Sans surprise, il a également évoqué la grève – bien compréhensible – des avocats, « opposés aux appétits gouvernementaux à l’égard de la cagnotte de leur caisse de retraite », qui, à cause des demandes de renvois fréquents, a « entraîné une augmentation sensible des délais d’audiencement et des stocks de dossiers. À titre d’exemple, environ deux mois supplémentaires pour le seul service des référés ».

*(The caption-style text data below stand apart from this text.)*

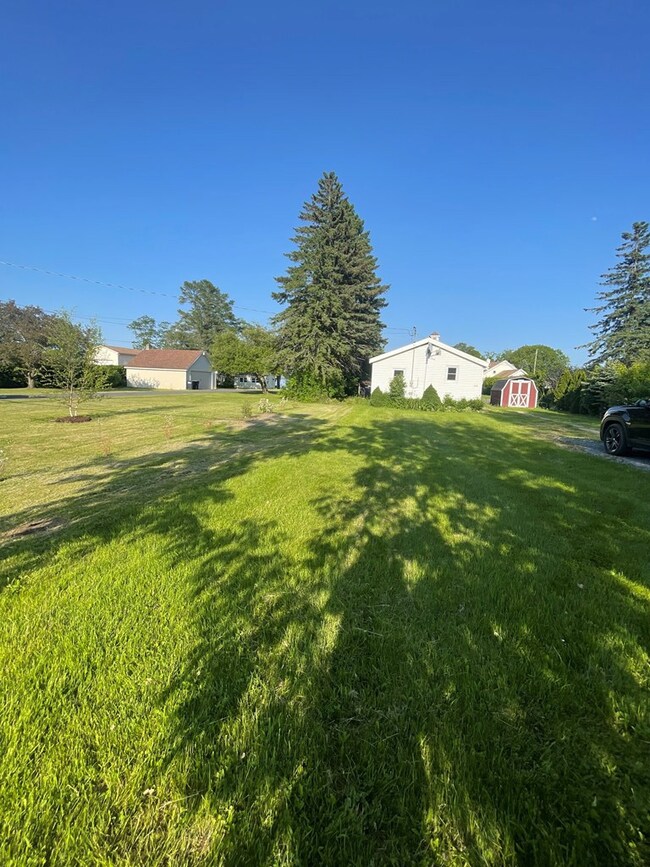 238 Dickson Point Rd, Plattsburgh, NY 12901 - photo 6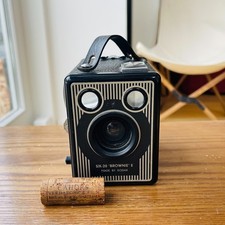 Vintage Camera SIX-20 'Brownie' E, Kodak, 6x9 cm, Collectible, 1947-1957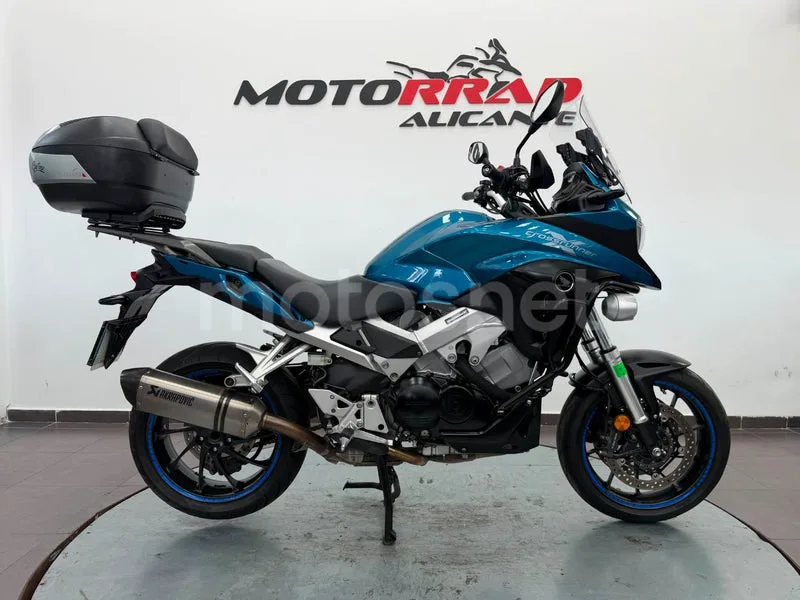 Honda VFR800X Crossrunner 6490 € 2018 Alicante - 1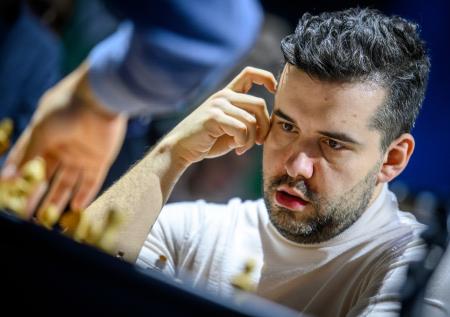 Непомнящий высказался о решении FIDE поделить титул ЧМ по шахматам на двоих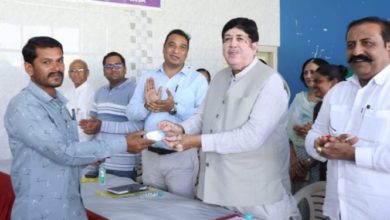 Photo of अमरेली डीसीसीबी ने बांटा एटीएम कार्ड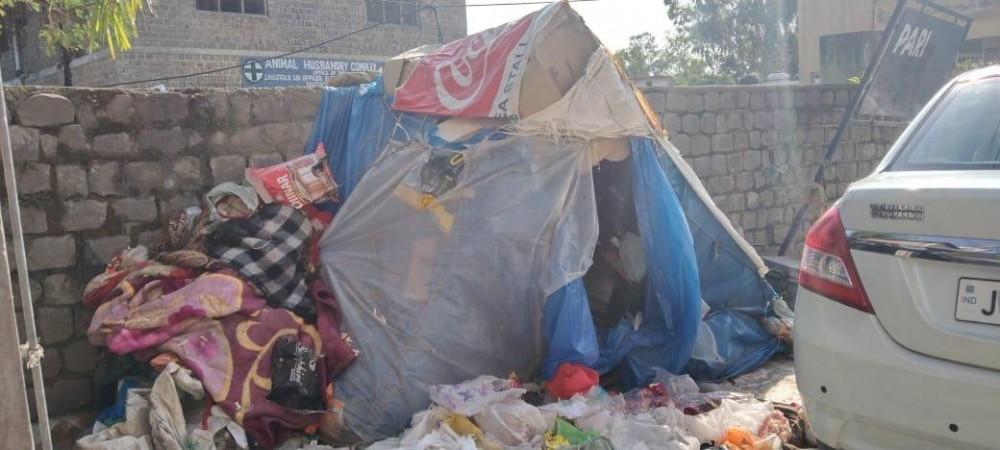 Rs three lakhs recovered from shanty of an aged woman beggar in J&K's Nowshera town in Rajouri district Rs three lakhs recovered from shanty of an aged woman beggar in J&K's Nowshera town in Rajouri district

Le premier confinement a ensuite constitué un véritable bouleversement : « L’activité pénale et civile a été extrêmement réduite, les contraintes sanitaires ont empêché, pour la justice du quotidien, la tenue de nombreuses audiences de cabinet compte tenu de l’exiguïté des bureaux, au niveau des juges aux affaires familiales, des juges des enfants, des juges d’instruction », a-t-il précisé, tout en mentionnant le « manque de salles d’audience impliquant une réorganisation des audiences de plusieurs services ».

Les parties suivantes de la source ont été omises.